### Task prompt
Scan the records for the string "White", then copy each line that has it.

### Listed records

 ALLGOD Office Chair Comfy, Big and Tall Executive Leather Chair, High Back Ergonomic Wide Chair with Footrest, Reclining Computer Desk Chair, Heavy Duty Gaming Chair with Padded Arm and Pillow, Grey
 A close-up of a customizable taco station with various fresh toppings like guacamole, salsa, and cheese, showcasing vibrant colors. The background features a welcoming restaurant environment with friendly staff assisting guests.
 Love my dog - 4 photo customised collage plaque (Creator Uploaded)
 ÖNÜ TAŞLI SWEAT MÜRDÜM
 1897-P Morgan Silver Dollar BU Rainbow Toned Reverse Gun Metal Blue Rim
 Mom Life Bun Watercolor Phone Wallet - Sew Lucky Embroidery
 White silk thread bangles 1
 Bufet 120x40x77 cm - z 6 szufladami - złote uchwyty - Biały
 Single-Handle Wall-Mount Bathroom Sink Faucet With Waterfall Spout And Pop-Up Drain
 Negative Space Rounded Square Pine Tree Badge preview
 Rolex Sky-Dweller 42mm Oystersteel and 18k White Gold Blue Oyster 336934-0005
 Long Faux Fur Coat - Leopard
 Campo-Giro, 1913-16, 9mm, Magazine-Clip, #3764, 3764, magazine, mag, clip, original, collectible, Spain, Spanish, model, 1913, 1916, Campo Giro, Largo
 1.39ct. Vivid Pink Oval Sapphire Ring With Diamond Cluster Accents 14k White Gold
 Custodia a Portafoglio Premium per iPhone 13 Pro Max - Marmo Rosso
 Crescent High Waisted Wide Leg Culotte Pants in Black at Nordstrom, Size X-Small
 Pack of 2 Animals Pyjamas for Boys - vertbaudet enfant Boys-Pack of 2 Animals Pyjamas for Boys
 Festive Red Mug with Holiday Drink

### Response area
 White silk thread bangles 1
 Rolex Sky-Dweller 42mm Oystersteel and 18k White Gold Blue Oyster 336934-0005
 1.39ct. Vivid Pink Oval Sapphire Ring With Diamond Cluster Accents 14k White Gold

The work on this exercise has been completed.